In the past few years, they started to pick the root of a plant in the grasslands up in the mountains above the treeline because there were buyers who were willing to pay 1 million Rs per kilo. Around May 10, they will go up to the grasslands where there may still be snow, and they will stay there till July to pick the roots. Some will come down around May 20 for the harvest and then return to the grasslands. A few of the girls said that they love it up in the grasslands, it’s their favourite place to be. The older Chinese-looking woman asked me, why don’t you join them in the grasslands and help with the picking? *@!#%#!@&*!! I was SOOOO pissed that I already bought my plane ticket for May 6.

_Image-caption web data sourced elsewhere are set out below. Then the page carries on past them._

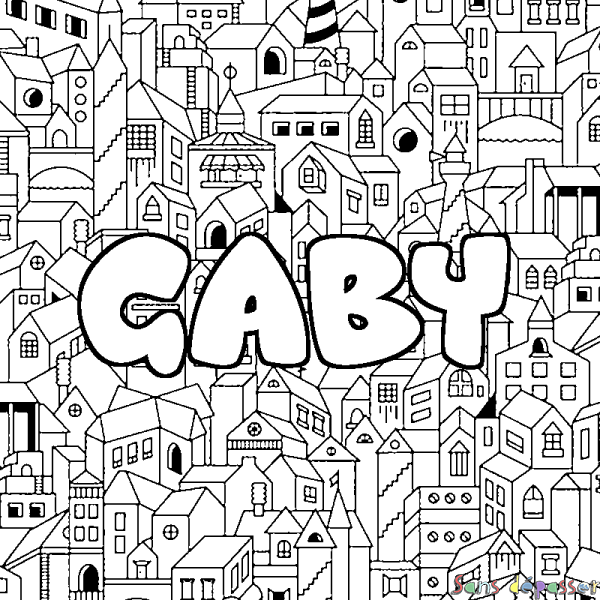 Coloriage pr&eacute;nom GABY - d&eacute;cor Ville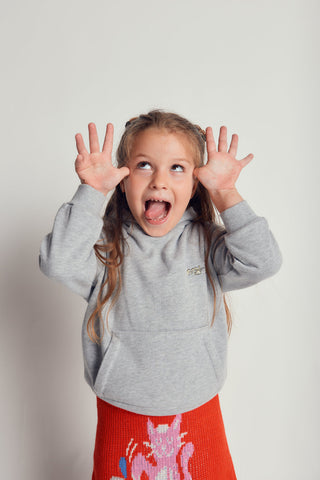 MELANGE HOODIE WITH FRONT POCKET - neutral gray - GRY - Image 1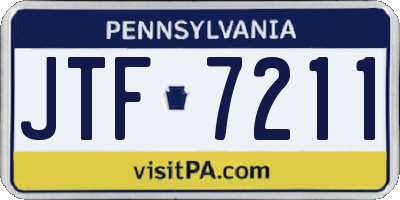 PA license plate JTF7211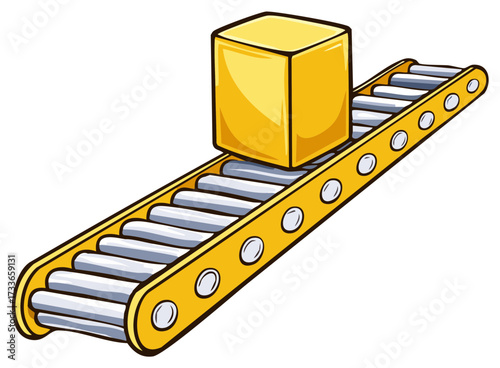 Yellow box on a conveyor belt, cartoon illustration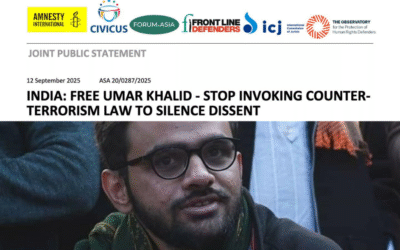 India: Joint statement urging Indian authorities to immediately and unconditionally release human rights defender and student activist Umar Khalid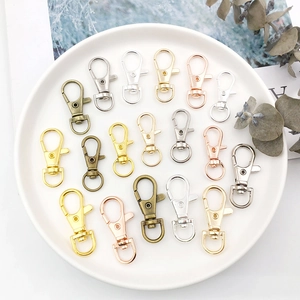 Assorted metal lobster clasps in gold silver and bronze for DIY keychain making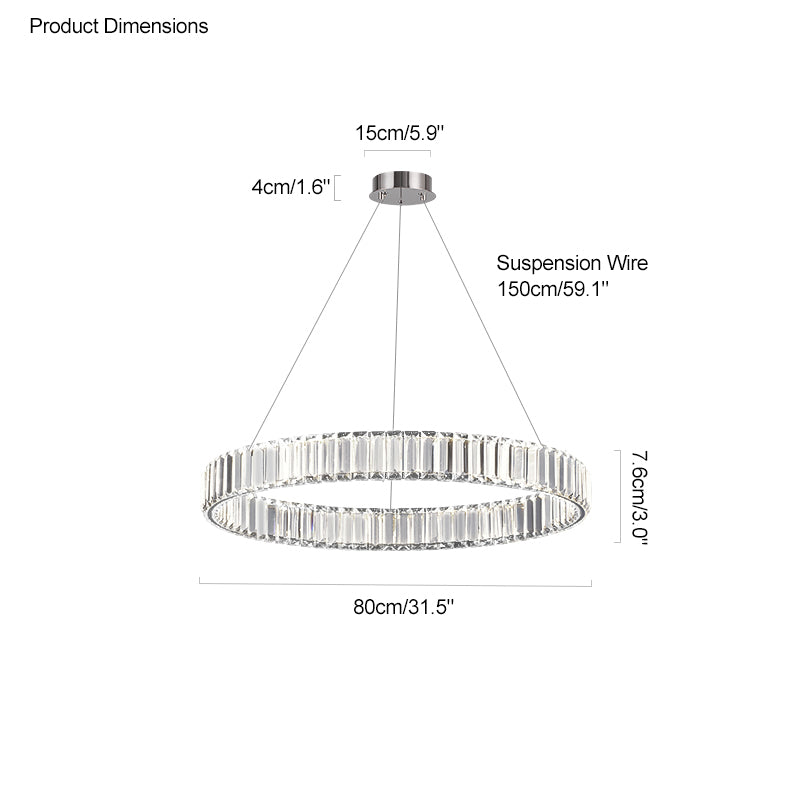Lustre circulaire en cristal à 2 niveaux WOMO-WM2192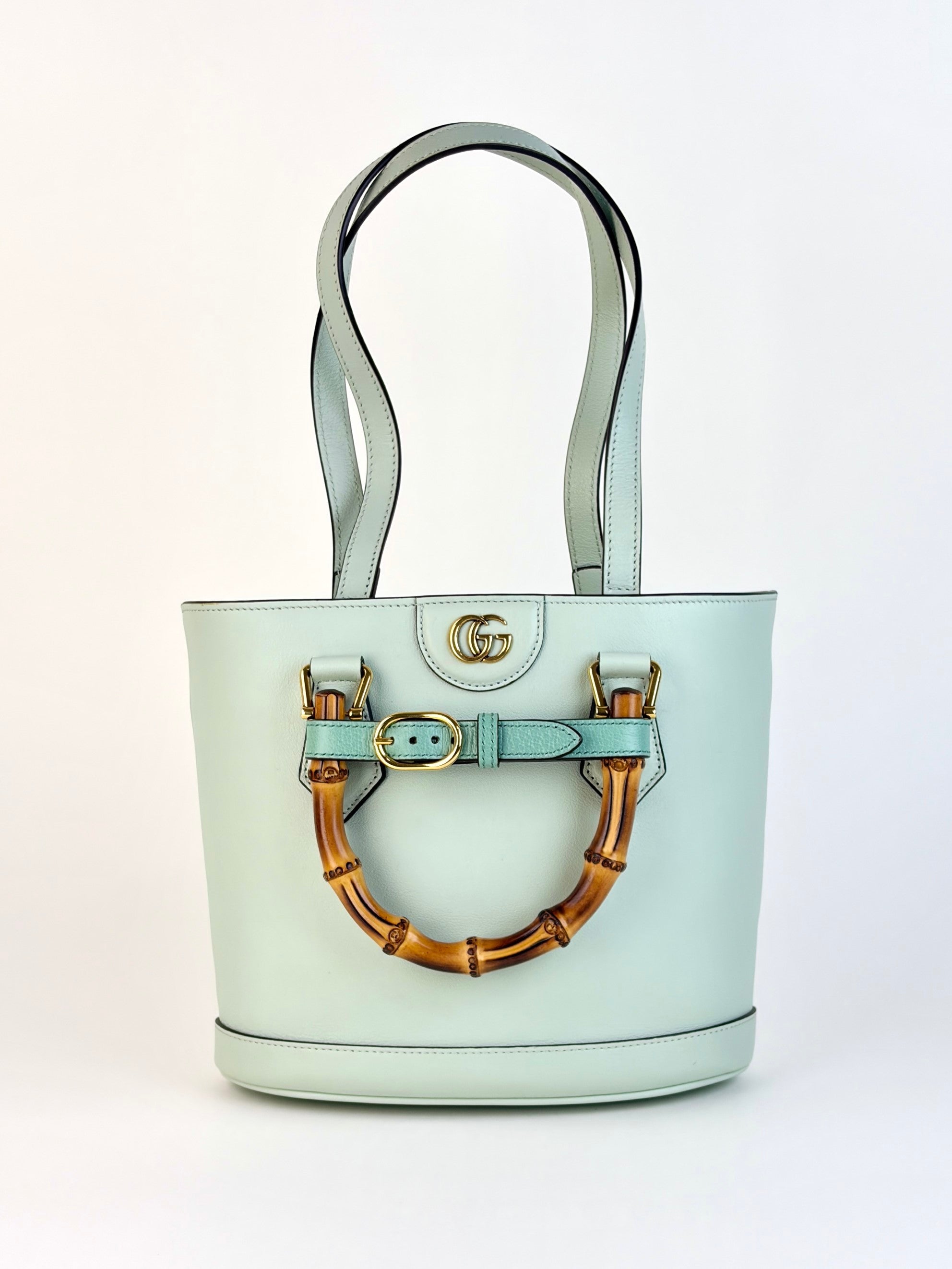 Gucci light green Diana bucket bag
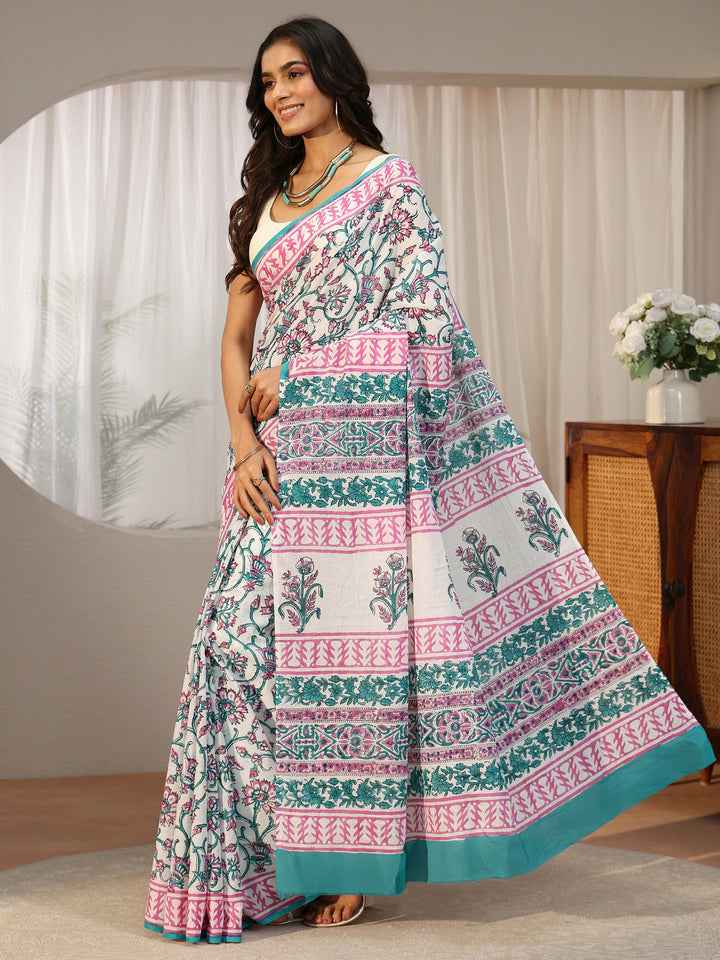 Libas White Floral Block Print Cotton Saree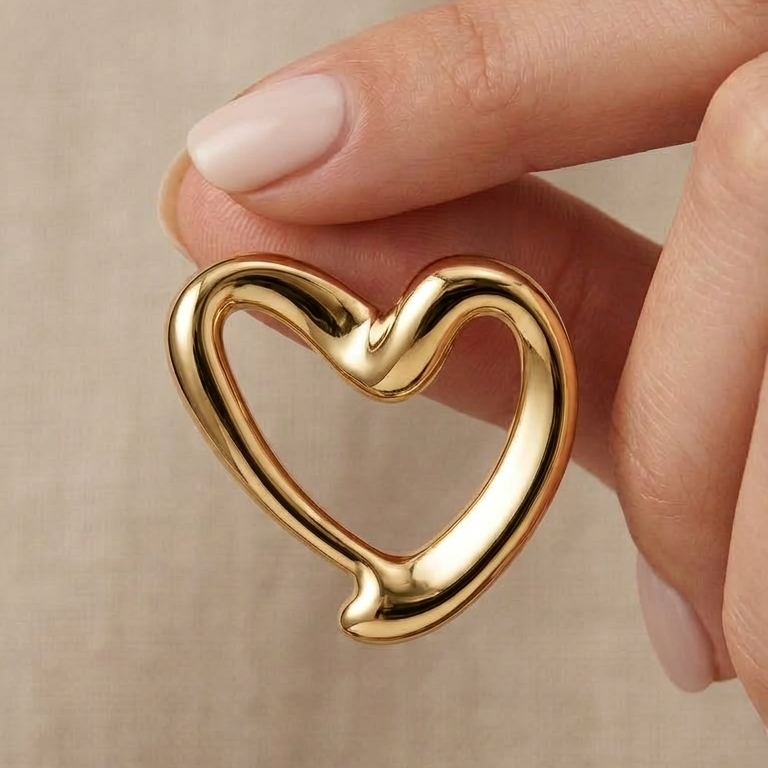 Gold heart-shaped earring held between fingers against a beige background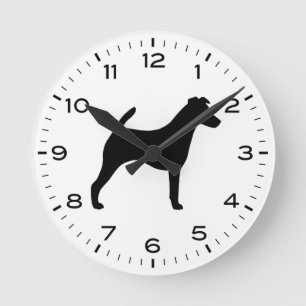 Silhouette von Smooth Fox Terrier Hunde Runde Wanduhr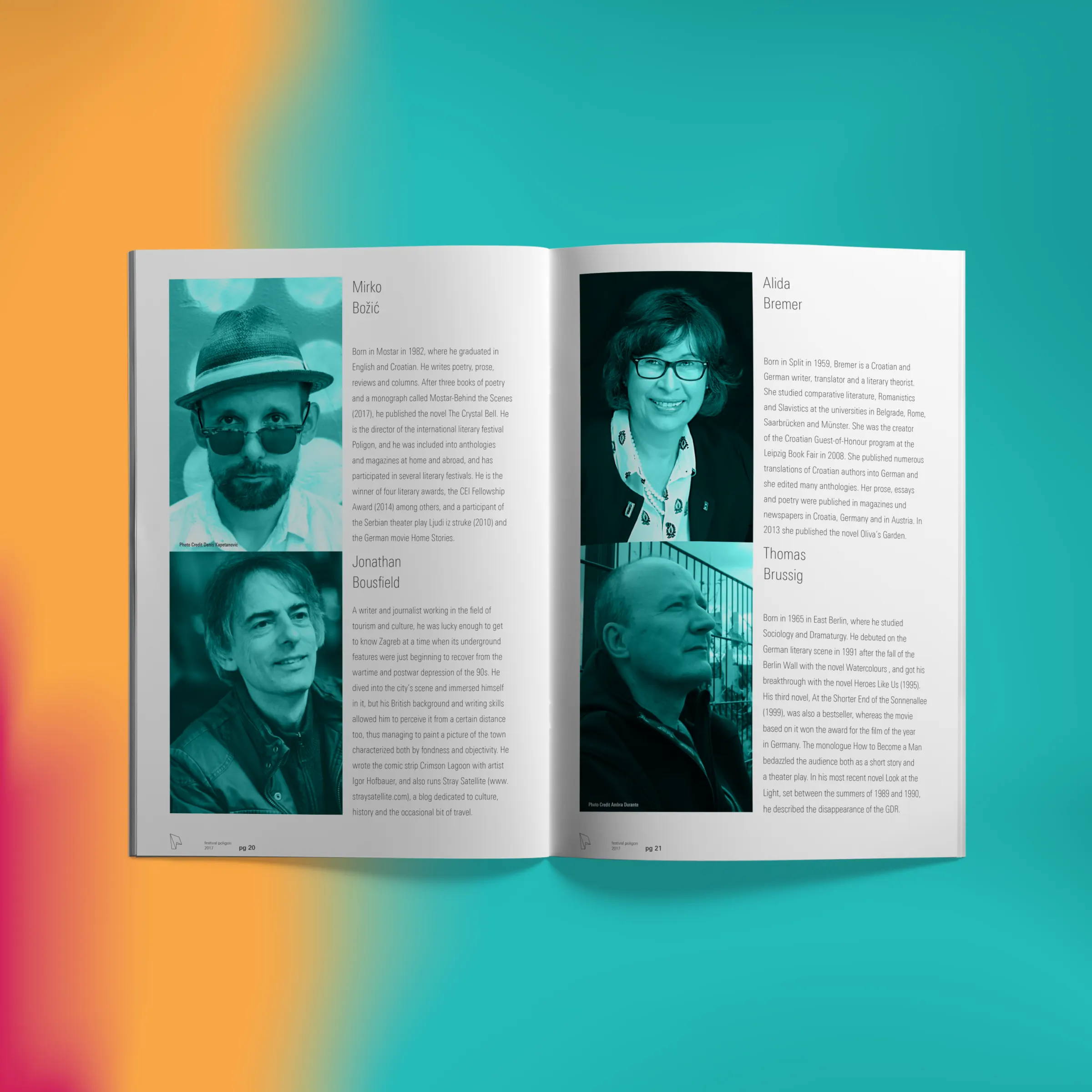 Poligon 3 festival catalogue spread with four author portraits and biographies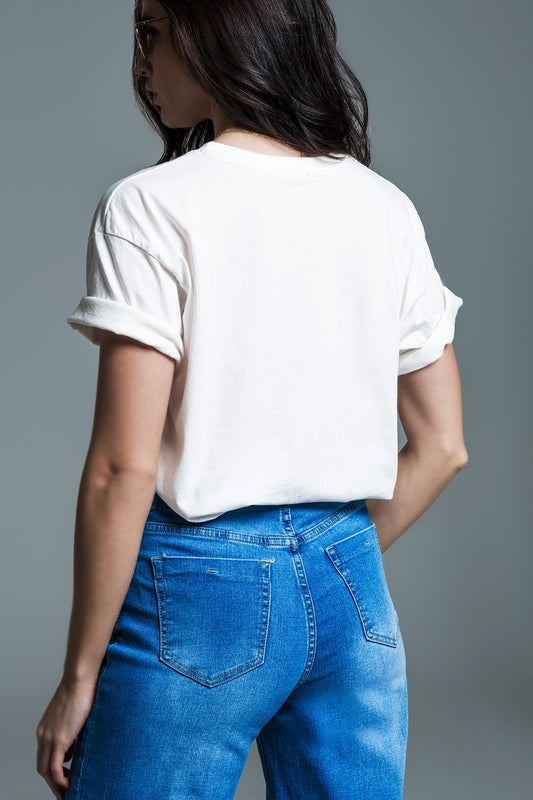 Short Sleeve T-shirt With Graphic Peace Sign Design At The Front In Cream - T-Shirts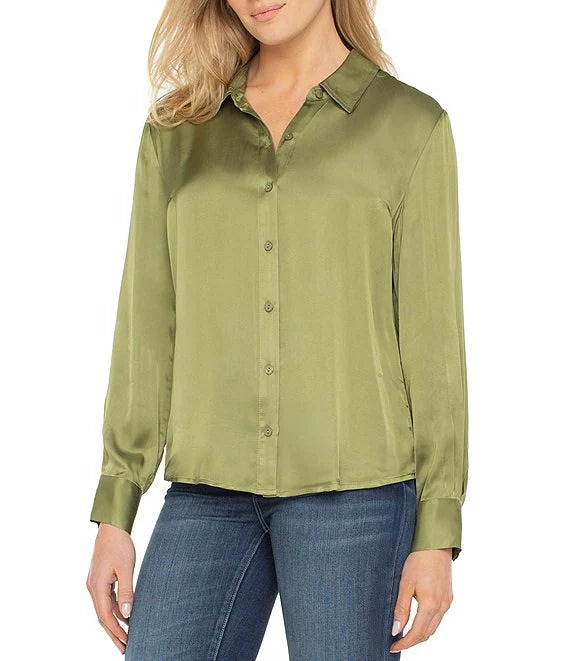 Liverpool Long Sleeve Button Front Woven Shirt Artichoke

From Joshimath, I took the cableway to Auli as I wanted to see Nanda Devi. Of course, I saw nothing as it was all hazy but someone showed me a photo of her. I walked down instead of taking the cableway. On the way down, I saw rock climbing routes that were numbered. The forest was so beautiful with lots of oak, pine and cypress. A guy on a motorbike stopped to tell me that I didn’t have to follow the road for cars down, the footpath is a huge shortcut as it goes straight down while the asphalt road is very winding. He looked like somebody straight out of Bolivia, it was crazy! I found the shortcut and got back down in about an hour and 45 min. It was an awesome hike! A must for anyone visiting Auli.